4. Warum engagiert Ihr Euch für die und in der Initiative Chef:innensache?

Wir sind davon überzeugt, dass gute Führung, die mensch- und werteorientiert ist, Potenziale für echte und gelebte Chancengleichheit in Unternehmen nutzbar macht. Und wir sind davon überzeugt, dass man gute Führung lernen kann. Die Initiative Chef:innensache als Unterstützer des nötigen Veränderungsprozess in verschiedensten Bereichen wie Wirtschaft, Wissenschaft, öffentlichem Sektor und Medien sorgt dafür, dass Erfolge sichtbar werden und Chancengleichheit kein Lippenbekenntnis/PR-Thema ist sondern Realität wird. Und dazu möchten wir beitragen!

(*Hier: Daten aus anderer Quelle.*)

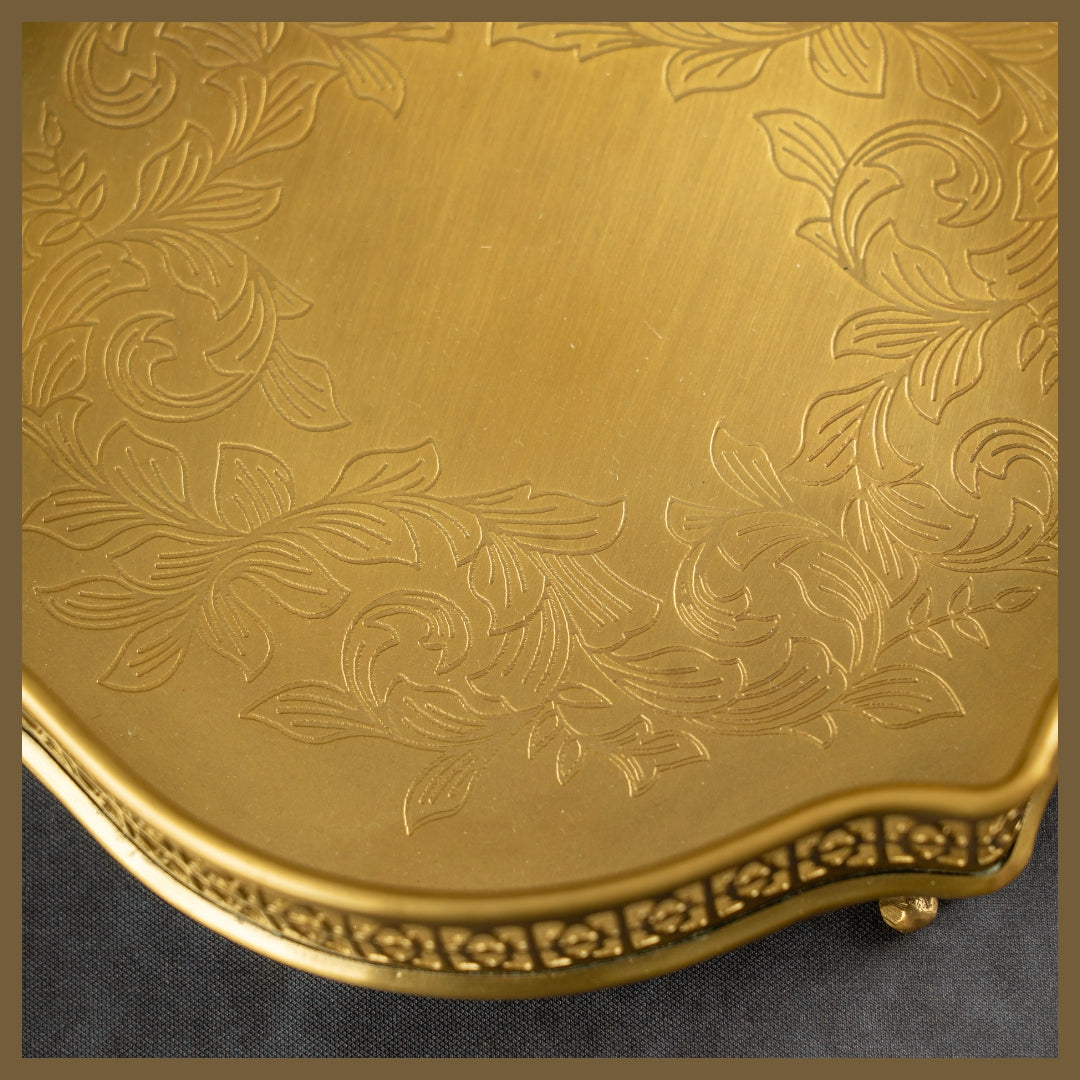 Raj Shahi Heritage Tray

Als öffentlich gefördertes Programm setzt sich DIE FÜHRUNGSKRÄFTESCHMIEDE seit vielen Jahren für die Ziele zur Herstellung der Chancengleichheit von Frauen und Männern in der Arbeitswelt ein. Wir sensibilisieren Unternehmen und Führungskräfte für die Möglichkeiten zur Gleichstellung, die in einer guten Führungskultur und der Digitalisierung liegen. Wir befähigen durch unsere Angebote betriebliche Akteure, individuelle Ziele und Maßnahmen zu entwickeln und umzusetzen. Als Botschafter der gleichstellungspolitischen Ziele der Initiative Chef:innensache wollen wir noch öffentlichkeitswirksamer in der Hamburger Metropolregion agieren. Zudem möchten wir gern die Möglichkeit nutzen, als Friend of Chef:innensache unser Netzwerk um weitere Akteure zu erweitern und von- und miteinander einander zu lernen.